To back up a bit, the cert of occupancy required a few last tasks that I’d been procrastination over. The biggest one was actually the easiest since it was just a matter of writing a check. We hired a guy named Bob who owned a Bobcat to grade the back yard.

The next task was installing the wall vent for the range hood. It had been worrying me because it required drilling an eight inch diameter hole in the kitchen wall twelve feet above the ground. The contractor quotes were also quite high for the project so it was much cheaper to simply buy a rotary hammer and do it myself.

The installation proved to be a lot easier than expected. The old brick was so soft that I was able to drill a series of holes in an eight inch circle and then chip out the center with a chisel bit.

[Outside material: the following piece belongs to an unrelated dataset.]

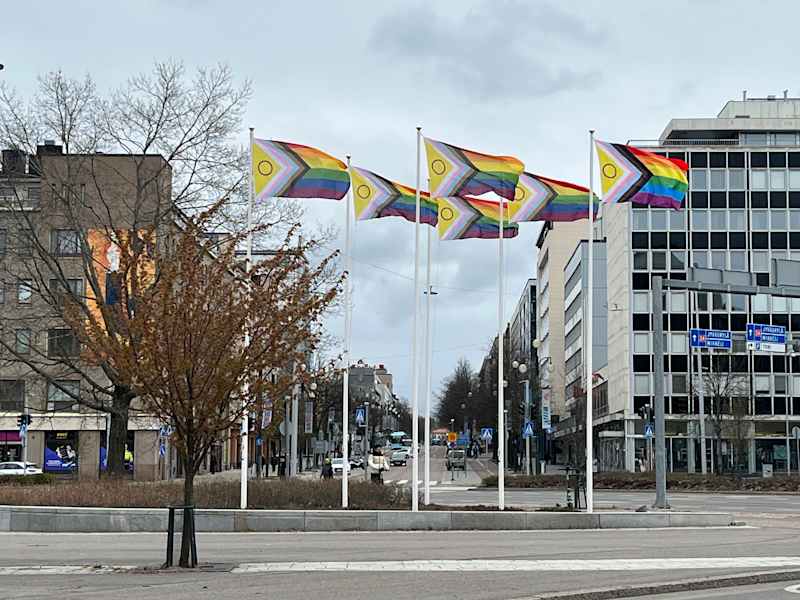 The picture shows colorful Pride tickets fluttering in the flag rods in the urban landscape.  There are gray concrete buildings and streets in the background.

The rest was simply securing the the vent with masonry screws and caulking. I also am the proud owner of a rotary hammer which may never get used again but it was still cheaper than hiring a contractor.

The final project was getting a code compliant banister on the stairs. The challenge was that we wanted to reuse the original banister but to get that to fit correctly, I had to build the newel post for it to secure to. Of course, the construction of the newel post required that I build the newel post lamp as well before I lost access to the wiring within.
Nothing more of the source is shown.